First Cut at CSV PEP
Skip Montanaro
skip at pobox.com
Tue Jan 28 23:48:28 CET 2003
Cliff> The idea of raising an exception brings up an interesting problem
Cliff> that I had to deal with in DSV. I've run across files that were
Cliff> missing fields and just had a callback so the programmer could
Cliff> decide how to deal with it. This can be the result of corrupted
Cliff> data, but it's also possible for an application to only export
Cliff> fields that actually contain data, for instance:
Cliff> 1,2,3,4,5
Cliff> 1,2,3
Cliff> 1,2,3,4
Cliff> This could very well be a valid csv file. I'm not aware of any
Cliff> requirement that rows all be the same length.

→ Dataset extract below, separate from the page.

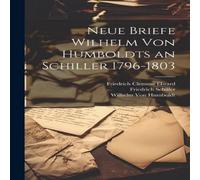 Friedrich Schiller Neue Briefe Wilhelm Von Humboldts an Schiller 1796-1803 Paperback Book Friedrich Schiller Multicolor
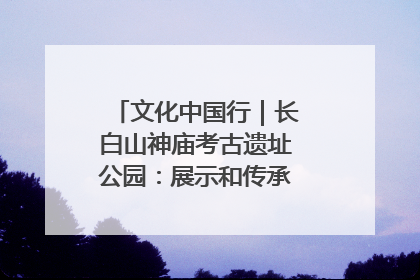 文化中国行｜长白山神庙考古遗址公园：展示和传承多民族文化交融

In fact, I think Excel itself will generate such files. As I write this,
XEmacs on the Windows machine is displaying a CSV file I dumped in Excel
from an XLS file I got from someone (having nothing to do with the task at
hand). It has seven rows of actual data, then 147 rows of commas. The
comma-only rows have 13, 15 or 255 commas, nothing else. The header line of
the CSV file has 15 fields with data and is terminated by a comma (empty
16th field).
In short, I don't think it's an error for CSV files to have rows of
differing lengths. We just have to return what we are given and expect the
application is prepared to handle short rows. We could add more flags, but
I think we should pause before we get too carried away with the flags.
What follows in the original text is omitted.